REPUBLIKA.CO.ID,JAKARTA -- Asosiasi Muslim Penyelenggara Haji dan Umrah Republik Indonesia (Amphuri) mengapresiasi Kemenag untuk menindak usaha perjalanan ibadah umroh yang tidak berijin.
Amphuri mengapresiasi atas upaya Dirbina dalam law enforcement terhadap pelaku usaha perjalanan ibadah umrah yang tak memiliki izin. Kami sangat mendukung upaya ini,” kata Ketua Umum AMPHURI, Firman M Nur kepada Republika.co.id, Selasa (3/9/2023).
Karena itu, Amphuri menghimbau masyarakat muslim yang hendak menunaikan ibadah umroh agar melalui PPIU yang berizin. Sebab, perjalanan umroh tidak seperti perjalanan wisata pada umumnya.
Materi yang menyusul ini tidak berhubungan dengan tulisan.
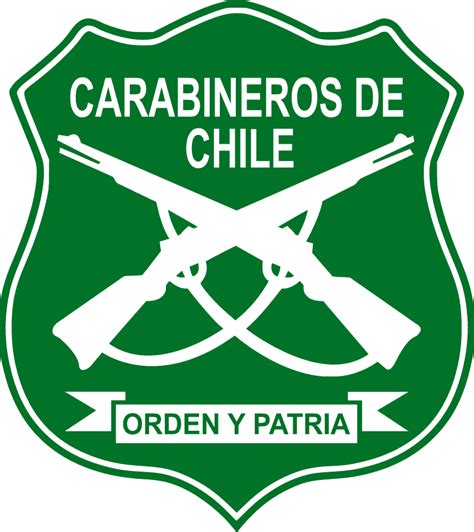 Ilustración que compara las fuerzas policiales de Chile (Carabineros) y Colombia (ESMAD)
Perjalanan ini ada unsur ibadahnya dan diatur secara khusus oleh undang-undang tersendiri yaitu UU 8 Tahun 2019 tentang Penyelenggaraan Ibadah Haji dan Umrah.
Direktorat Jenderal Penyelenggaraan Haji dan Umrah (Ditjen PHU) Kementerian Agama mulai membuktikan komitmennya untuk menindak pelaku usaha perjalanan ibadah umroh yang tidak berizin. Dalam hal ini, Ditjen PHU melaui Direktorat Bina Umrah dan Haji Khusus (Ditbina UHK) telah melaporkan salah satu pelaku usaha ke Direktorat Reserse Kriminal Umum Polda Metro Jaya.
Dalam surat laporan yang ditandatangani Direktur Bina UHK, Nur Arifin, disebutkan bahwa berdasarkan hasil pemantauan dan pengawasan perjalanan ibadah umroh oleh Kemenag ditemukan aktivitas penawaran ibadah umrah non prosedural yang dilakukan oeh pelaku usaha yang tidak memiliki izin sebagai PPIU. Aktivitas penawaran tersebut dilakukan oleh seseorang yang mengaku sebagai founder-nya.
Surat bernomor B.12.004/Dj/Dt.II.IV/Kp.02.3/9/2023, tertanggal 12 September 2023 itu dijelaskan, kegiatan usaha penyelenggaraan perjalanan ibadah umrah yang dilakukan oleh pelaku usaha umroh backpacker yang disebut dalam surat tersebut melanggar ketentuan dalam Pasal 115 dan Pasal 117 dengan ancaman pidana sesuai Pasal 122 dan Pasal 124 Undang-Undang Nomor 8 Tahun 2019.
Dalam surat juga disebut pihak Kemenag melaporkan secara resmi dugaan pelanggaran pidana yang dilakukan pelaku usaha umrah backpacker dimaksud. Kemenag juga meminta pihak kepolisian untuk menindaklanjuti laporannya sebagai upaya penegakan hukum dan mengurangi potensi kerugian masyarakat yang lebih besar.
Perlu diketahui, UU Nomor 8 Tahun 2019, Pasal 115 disebutkan bahwa, setiap orang dilarang tanpa hak bertindak sebagai PPIU mengumpulkan dan/atau memberangkatkan jamaah umroh. Kemudian pada Pasal 117 disebutkan, setiap orang dilarang tanpa hak melakukan perbuatan mengambil sebagian atau seluruh setoran jamaah umroh.
Adapun ketentuan pidana atas pelanggaran tersebut, sebagaimana tertuang pada Pasal 122 yang berbunyi bahwa, setiap orang yang tanpa hak bertindak sebagai PPIU dengan mengumpulkan dan/atau memberangkatkan jamaah umroh, sebagaimana dimaksud dalam Pasal 115 dipidana dengan pidana penjara paling lama enam tahun atau pidana denda paling banyak enam miliar rupiah.
Sementara pada Pasal 124 disebutkan, setiap orang yang tanpa hak mengambil sebagian atau seluruh setoran jamaah umrah, sebagaimana dimaksud dalam Pasal 117 dipidana dengan pidana penjara paling lama delapan tahun atau pidana denda paling banyak delapan miliar rupiah.
Selain itu sebenarnya laporan dan penyelidikan terkait perorangan yang melakukan pelayanan umroh non prosedural ini sudah banyak ditangani Kemenag dan kepolisian. Hanya saja belum diumumkan secara resmi.
"Kami siap membantu dan berkordinasi dengan Kemenag jika ada kasus-kasus seperti ini karena merugikan masyarakat, kami juga telah banyak mendapat laporan masyarakat terkait penyelenggara umroh yang berkedok umroh mandiri tetapi mengumpulkan dana umat untuk umroh secara ilegal,"ujar dia.